Medical journal, The Lancet, recently published the findings of a study conducted by researchers at Universidade Federal de Pelotas in Brazil. According to the study results, not all Zika virus-infected babies have microcephaly. However, the babies still showed signs of child-development delays.
"Most suspected cases ended up being normal newborn babies with small heads," lead study author Professor Cesar Victora said. "However, one in five definite or probable Zika cases had head circumference values in the normal range.
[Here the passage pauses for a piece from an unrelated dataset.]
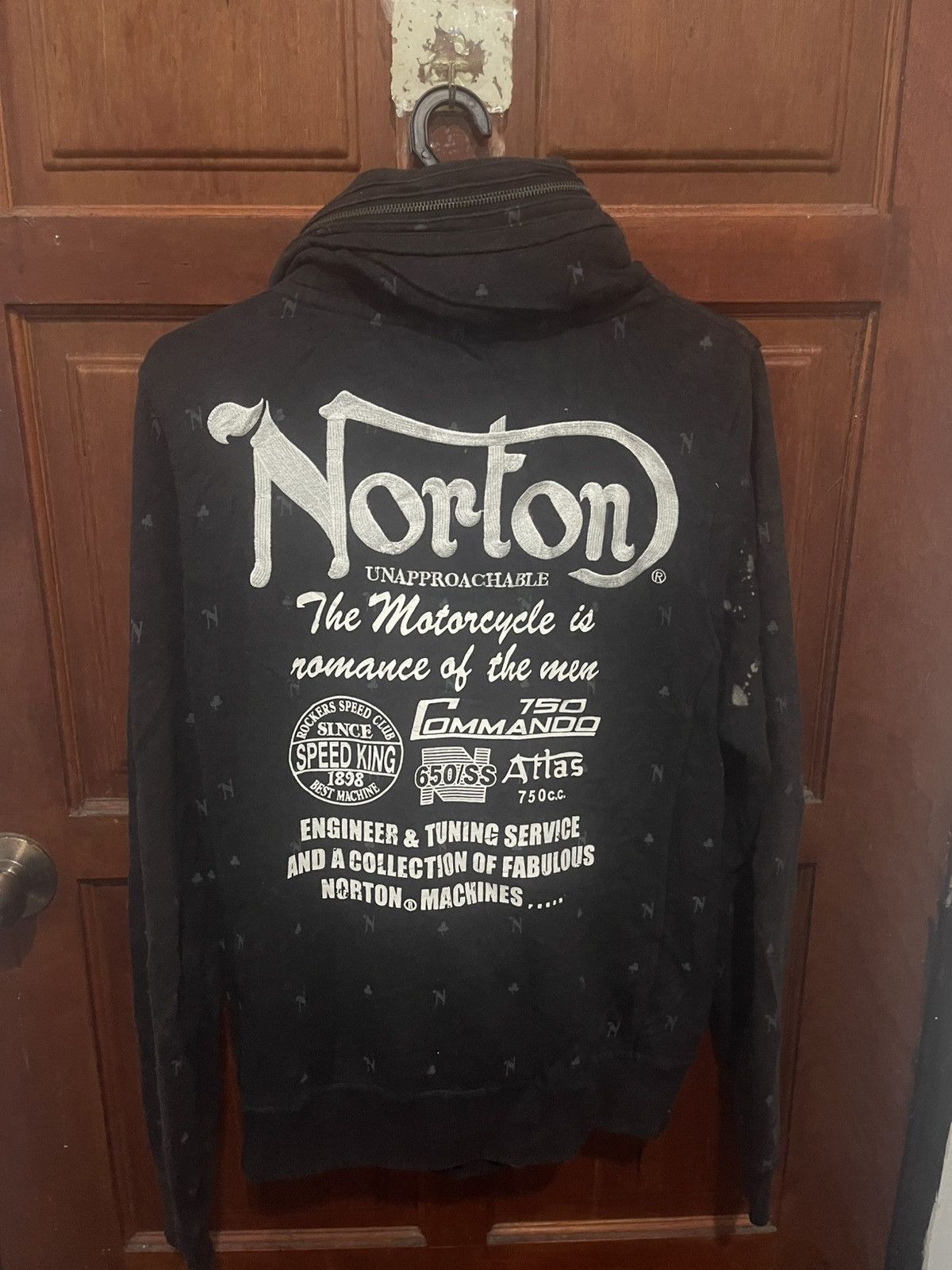 Norton Vintage Norton Zipper Hoodie Size US M / EU 48-50 / 2 - 2 Thumbnail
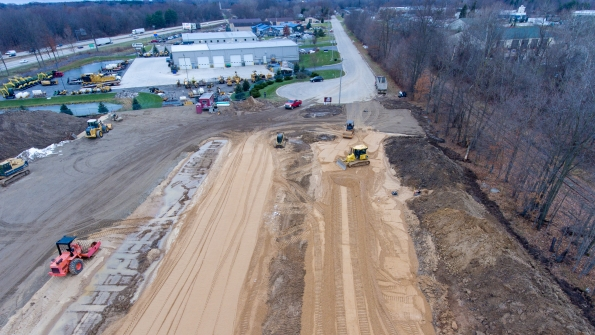 Site preparation begins for McCann Industries dealership location in Marne Mich which will be the company39s ninth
Therefore, the current focus on microcephaly screening alone is too narrow."
Victoria also said that based on their findings, it is also possible that the Zika virus infection may also cause brain damage in newborns. According to the researchers, a fetus' skull usually develops at 30 weeks of gestation. This means that even though the babies may be born without microcephaly, there is still a huge possibility of substantial brain damage.
Researchers from another study revealed that Zika virus impacts the infant's brain tissue, that can eventually cause cell death, irregular calcium deposits and physical malformation. Dr. William Schaffner, Vanderbilt University Medical Center's infectious disease expert, explained that if the brain development is "affected in utero," there may be other birth defects, such as eyesight and hearing.
"I'm afraid the more we learn the nastier the Zika virus is," Schaffner told ABC News. "It's quite evident that the Zika virus, if it gets into a pregnant woman, can get into the placenta and into the baby and it gets right into the brain cells."
In a study published by Madison's University of Wisconsin, the researchers found out that Zika Virus can survive in pregnant mother's blood for as long two months. David O'Connor, lead study author, said that pregnancy can weaken the immune system, which means that pregnant women who have been infected by Zika virus may not able to overcome the infection. Which means that continued Zika virus infection can be more dangerous to the fetus.